### EXERCISE DIRECTIONS:
The reply should contain every line of the data, repeated exactly, and no pictures.
* * * * *
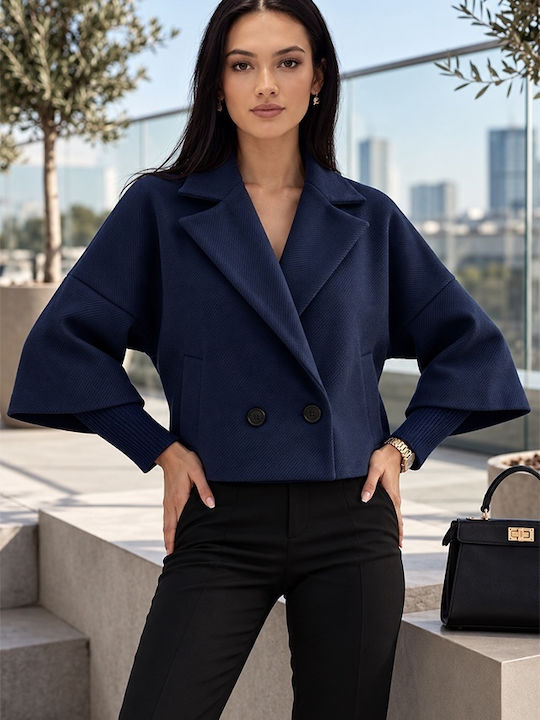 Γυναικείο Παλτό Navy Blue με Κουμπιά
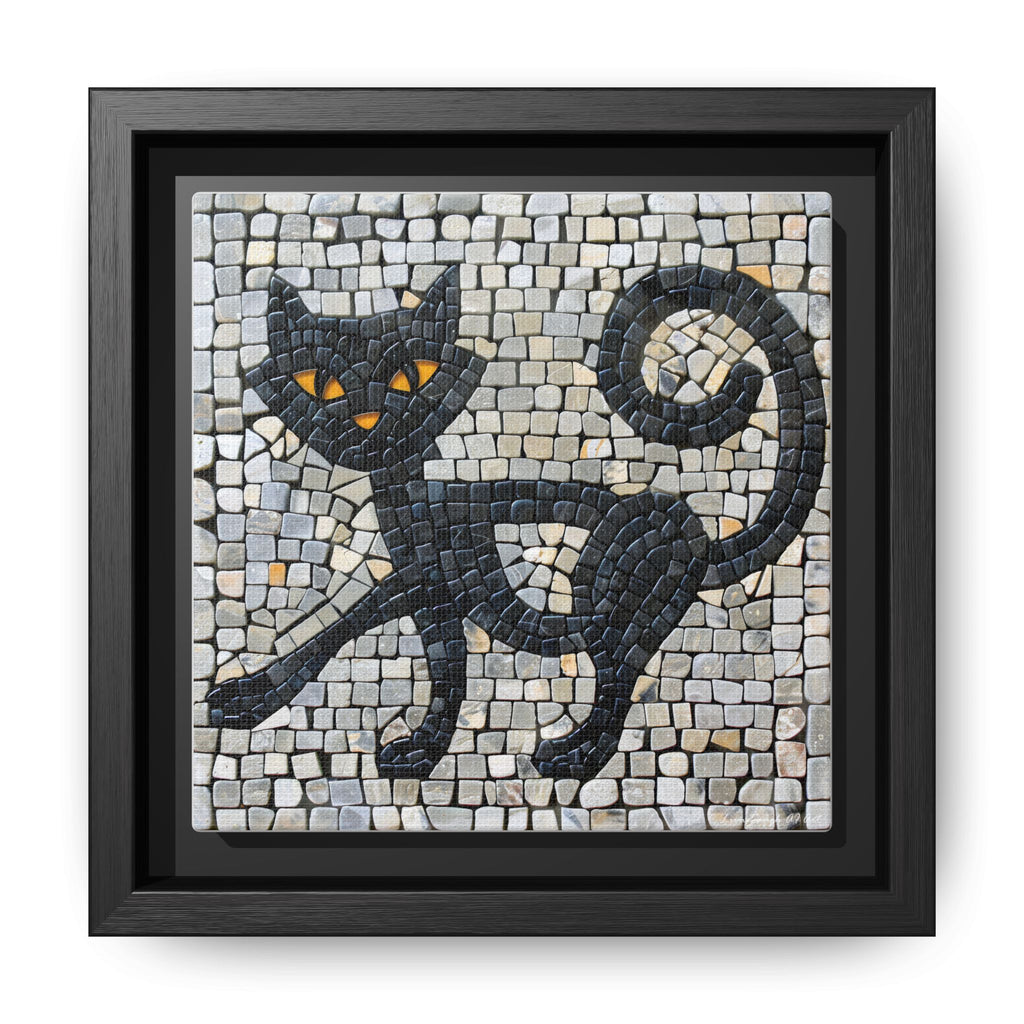 "Curious Black Cat Mosaic", Framed Mosaic Cat Art Print — Colorful Modern Wall Canvas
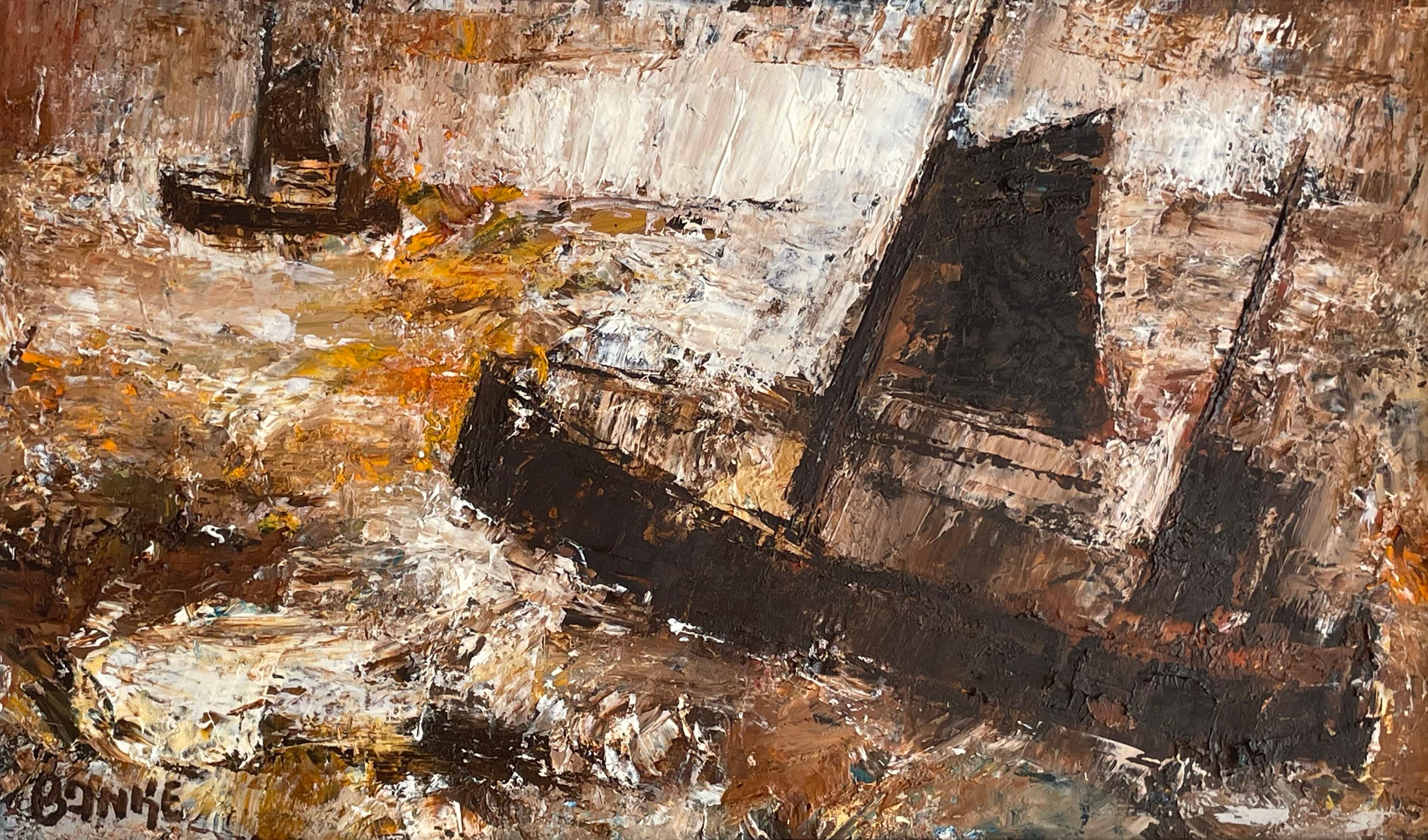 Maritime oil painting of ships at sea in rough weather. Strong, thick brushstrokes and earthy colours are used in this expressionist painting by Danish artist Egon Banke (1929-1992) with both figurative and abstract elements.

The painting is from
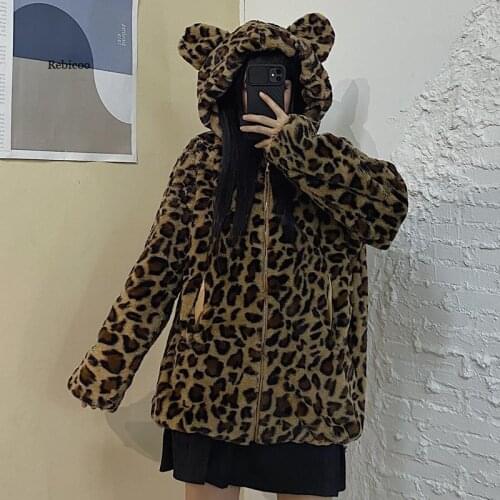 Harajuku Winter Streetwear Womens Leopard Print Coat Girls Velvet Fleece Loose Thicken Students Female Outwear Coat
* * * * *
### EXPECTED ANSWER:
 Γυναικείο Παλτό Navy Blue με Κουμπιά
 "Curious Black Cat Mosaic", Framed Mosaic Cat Art Print — Colorful Modern Wall Canvas
 Maritime oil painting of ships at sea in rough weather. Strong, thick brushstrokes and earthy colours are used in this expressionist painting by Danish artist Egon Banke (1929-1992) with both figurative and abstract elements.

The painting is from
 Harajuku Winter Streetwear Womens Leopard Print Coat Girls Velvet Fleece Loose Thicken Students Female Outwear Coat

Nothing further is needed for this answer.